It's similar when it can be identical. It simply looks like 2 authors
wrote 2 different code paths which is the case. Just huddle and code
it one way, I don't much care which.

>
> >
> >> In this case, the reason for adding helper function is to make it easier
> >> for calling it from tdx.h.
> >>>
> >>>> diff --git a/arch/x86/include/asm/io.h b/arch/x86/include/asm/io.h
> >>>> index ef7a686a55a9..daa75c8eef5d 100644
> >>>> --- a/arch/x86/include/asm/io.h
> >>>> +++ b/arch/x86/include/asm/io.h
> >>>> @@ -40,6 +40,7 @@
> >>>>
> >>
> >> snip
> >>
> >>>> +
> >>>> +/* Helper function for converting {b,w,l} to byte size */
> >>>> +static inline int tdx_get_iosize(char *str)
> >>>> +{
> >>>> +       if (str[0] == 'w')
> >>>> +               return 2;
> >>>> +       else if (str[0] == 'l')
> >>>> +               return 4;
> >>>> +
> >>>> +       return 1;
> >>>> +}
> >>>
> >>> This seems like an unnecessary novelty. The BUILDIO() macro in
> >>> arch/x86/include/asm/io.h takes a type argument, why can't the size be
> >>> explicitly specified rather than inferred from string parsing?
> >>
> >> I don't want to make changes to generic macros in io.h if it can be
> >> avoided. It follows similar argument/type in all arch/* code.
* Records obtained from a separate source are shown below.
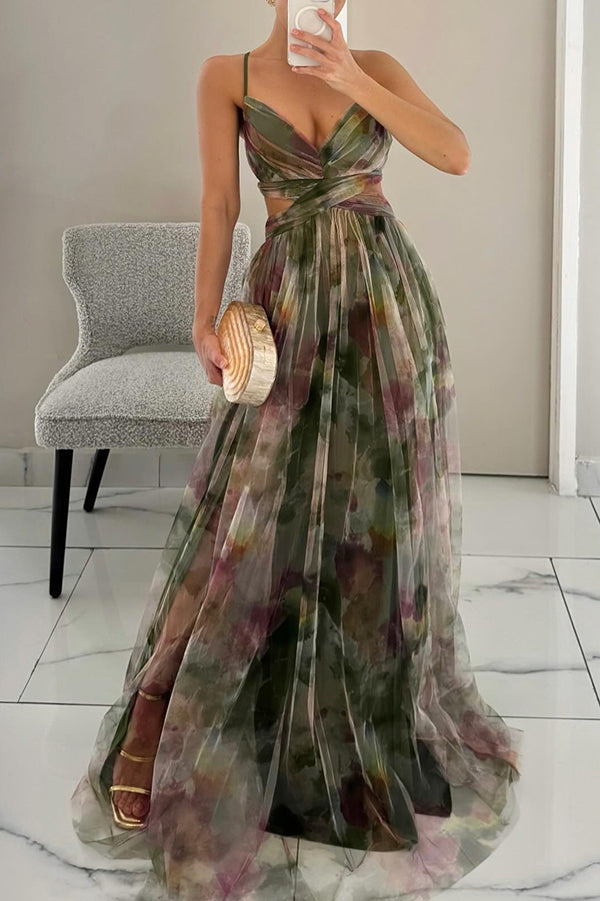 REVE™ BLOSSOM DRESS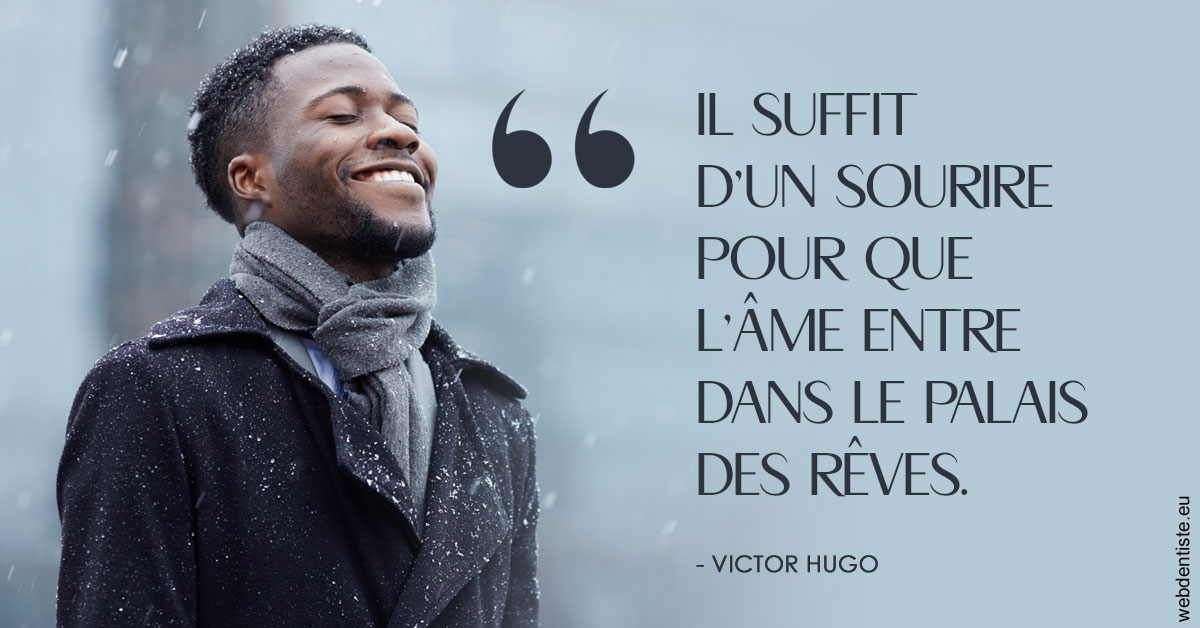 https://dr-sanglard-gilles.chirurgiens-dentistes.fr/Victor Hugo 1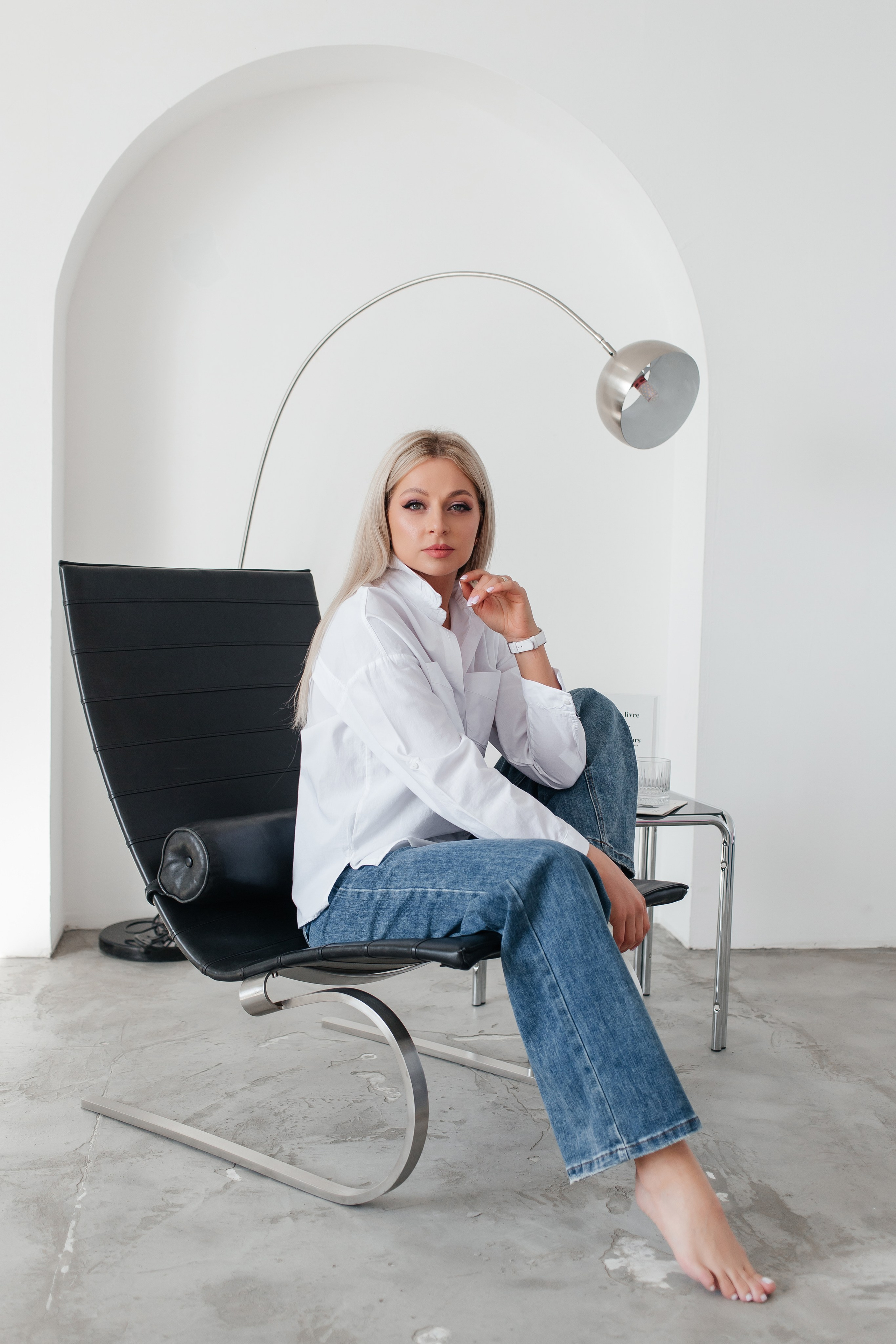 Олечка День Рождение. Женский фотограф в Оренбурге Ирина Заводчикова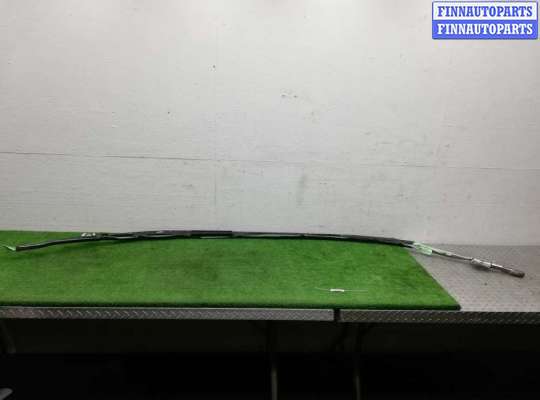 купить Подушка безопасности потолочная левая на Mercedes S-klasse (W221) Рестайлинг 2009 - 2013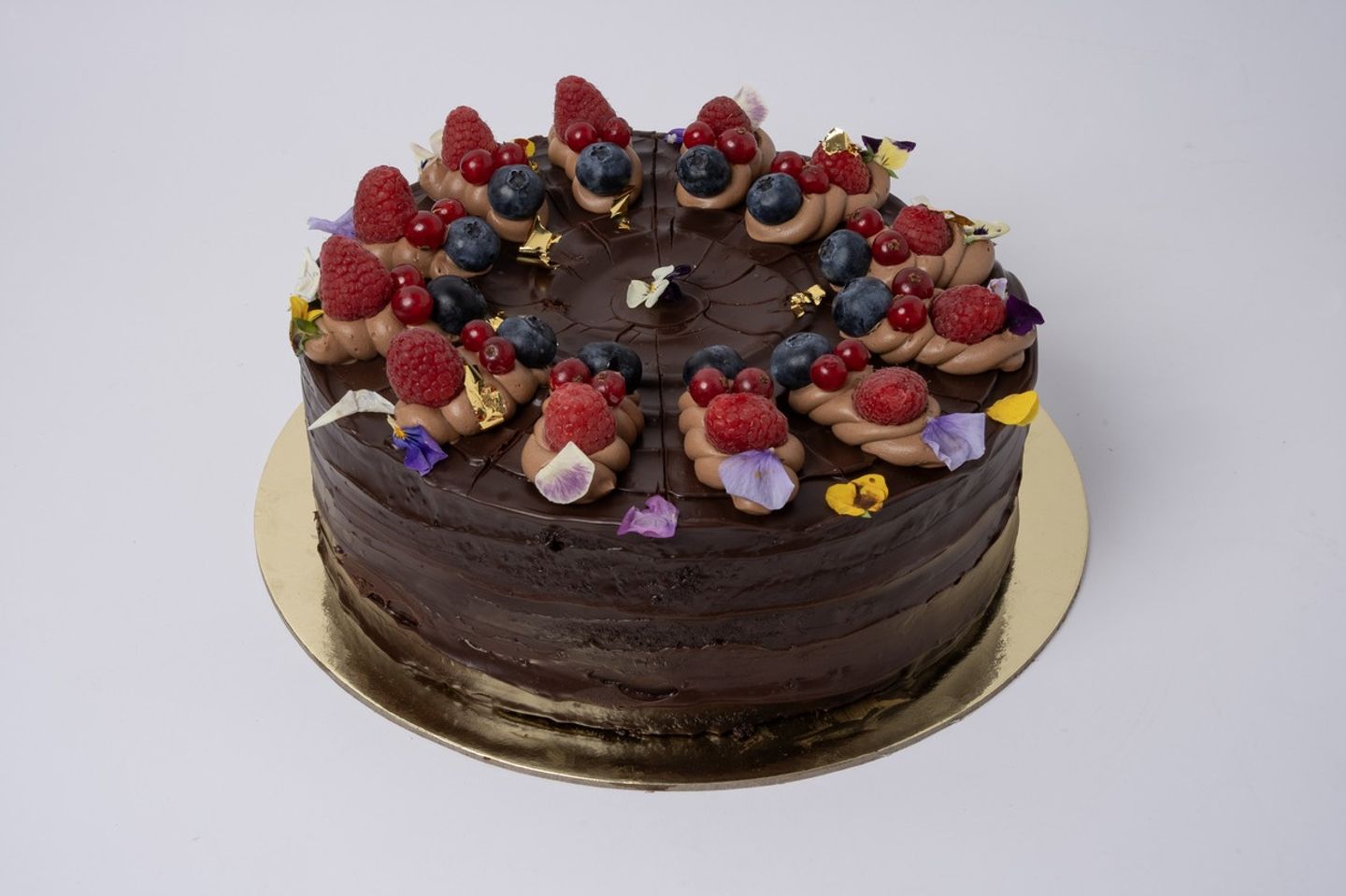 Pure Chocolat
Also, it
> >> is easier to handle TDX as a special case here.
> >>
> >
> > What changes are you talking about to the generic macros? The BUILDIO
> > macro passes in a size parameter explicitly rather than inferring the
> > size from the string name of an argument. BUILDIO does not need to
> > change, it's backend just needs to do the right thing in the TDX case.
> >
> > Otherwise, "I don't want to" is not a sufficient justification for
> > avoiding needlessly new design patterns.
>
> I hope this is what you meant?
>
> --- a/arch/x86/include/asm/io.h
> +++ b/arch/x86/include/asm/io.h
> @@ -273,25 +273,25 @@ static inline bool sev_key_active(void) { return false; }
>   #endif /* CONFIG_AMD_MEM_ENCRYPT */
>
>   #ifndef __out
> -#define __out(bwl, bw)                                                 \
> +#define __out(bwl, bw, sz)                                             \
>          asm volatile("out" #bwl " %" #bw "0, %w1" : : "a"(value), "Nd"(port))
>   #endif
>
>   #ifndef __in
> -#define __in(bwl, bw)                                                  \
> +#define __in(bwl, bw, sz)                                              \
>          asm volatile("in" #bwl " %w1, %" #bw "0" : "=a"(value) : "Nd"(port))
>   #endif
>
>   #define BUILDIO(bwl, bw, type)                                         \
>   static inline void out##bwl(unsigned type value, int port)             \
>   {                                                                      \
> -       __out(bwl, bw);                                                 \
> +       __out(bwl, bw, sizeof(type));                                                   \
>   }                                                                      \
>                                                                          \
>   static inline unsigned type in##bwl(int port)                          \
>   {                                                                      \
>          unsigned type value;                                            \
> -       __in(bwl, bw);                                                  \
> +       __in(bwl, bw, sizeof(type));                                                    \
>          return value;                                                   \
>   }

Looks good.